I'd like the entries that follow repeated exactly, with the pictures left out.

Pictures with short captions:
--- START ---
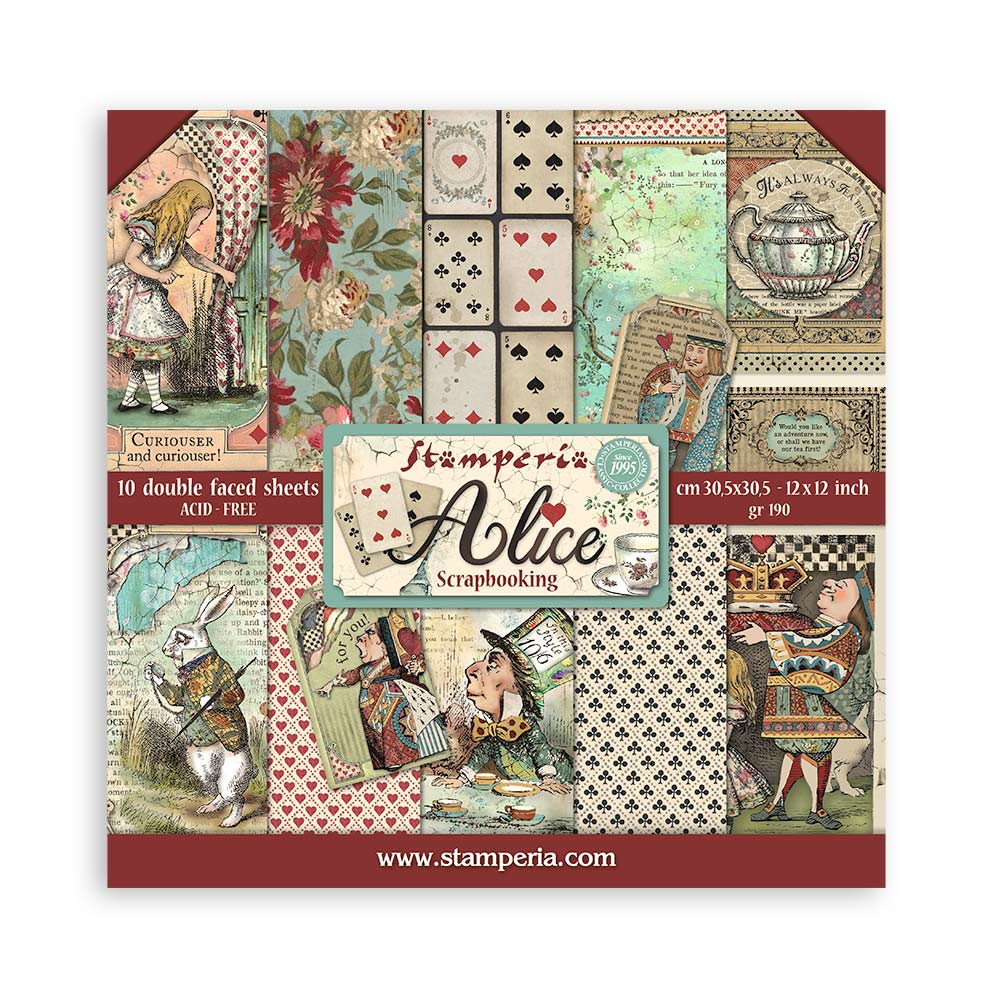 Stamperia ALICE 12x12 Double Faced Paper 10 Sheets + Bonus #SBBL52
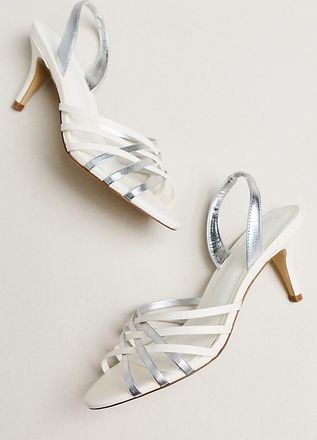 Maeve Colorblock Cross-Strap Heels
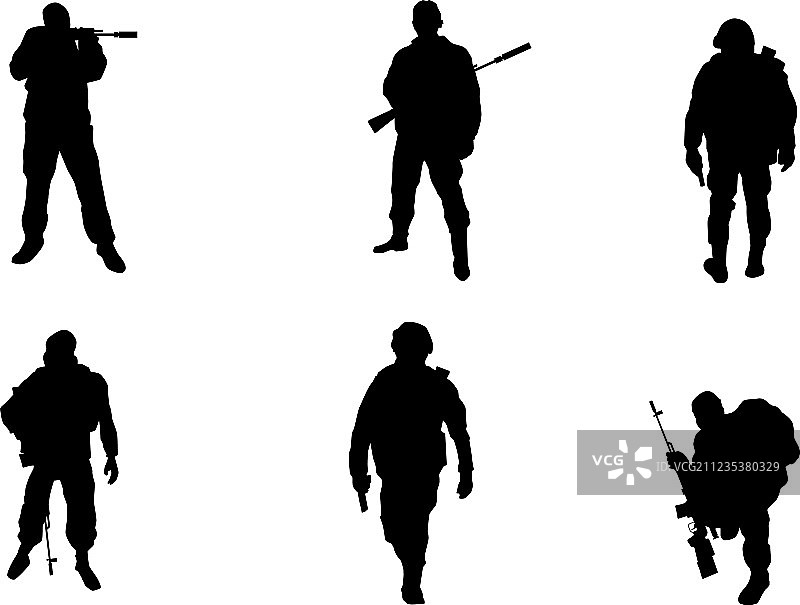 士兵剪影瞄准射击图片素材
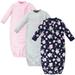 Hudson Baby Newborn Girl Fleece Gowns, 3-Pack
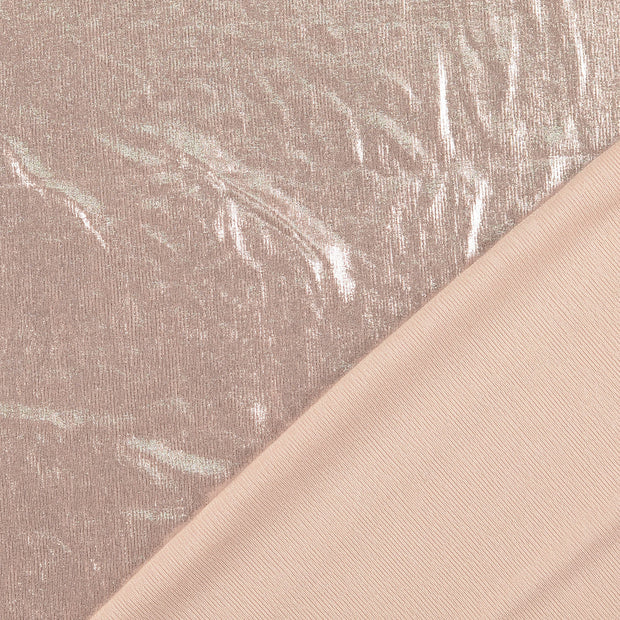 Jersey de Polyester tissu Rose clair Lurex 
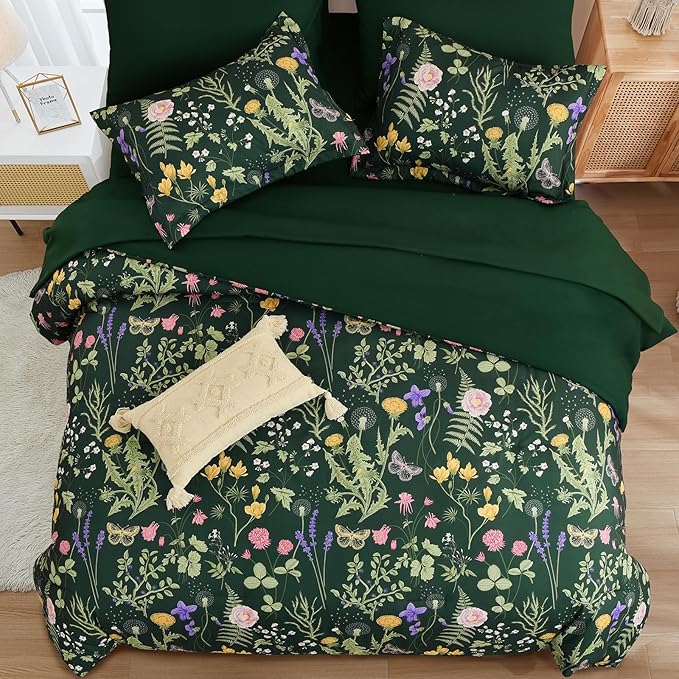 Yiran Dark Green California King Comforter Set, 7 Piece Summer Floral Comforter Bedding Set, Bed in a Bag with Flowers Pattern, Soft Microfiber Complete Bedding Set with Sheets for All Season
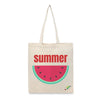 BYFT Summer Watermelon Tote Bag Vibrant Fruit Slice Printed Reusable Tote | Eco-Friendly Daily Carry Bag (Set of 1)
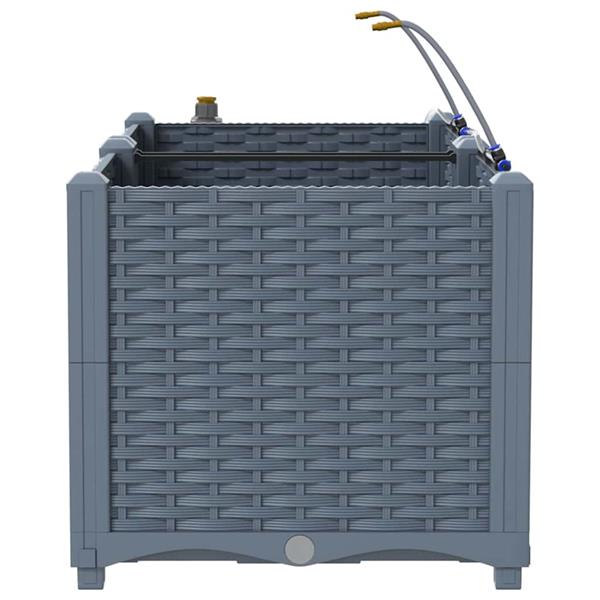 Grote foto vidaxl tuin bloempot 2 pcs licht grijs staal tuin en terras overige tuin en terras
--- END ---
Solution to this task:
 Stamperia ALICE 12x12 Double Faced Paper 10 Sheets + Bonus #SBBL52
 Maeve Colorblock Cross-Strap Heels
 士兵剪影瞄准射击图片素材
 Hudson Baby Newborn Girl Fleece Gowns, 3-Pack
 Jersey de Polyester tissu Rose clair Lurex 
 Yiran Dark Green California King Comforter Set, 7 Piece Summer Floral Comforter Bedding Set, Bed in a Bag with Flowers Pattern, Soft Microfiber Complete Bedding Set with Sheets for All Season
 BYFT Summer Watermelon Tote Bag Vibrant Fruit Slice Printed Reusable Tote | Eco-Friendly Daily Carry Bag (Set of 1)
 Grote foto vidaxl tuin bloempot 2 pcs licht grijs staal tuin en terras overige tuin en terras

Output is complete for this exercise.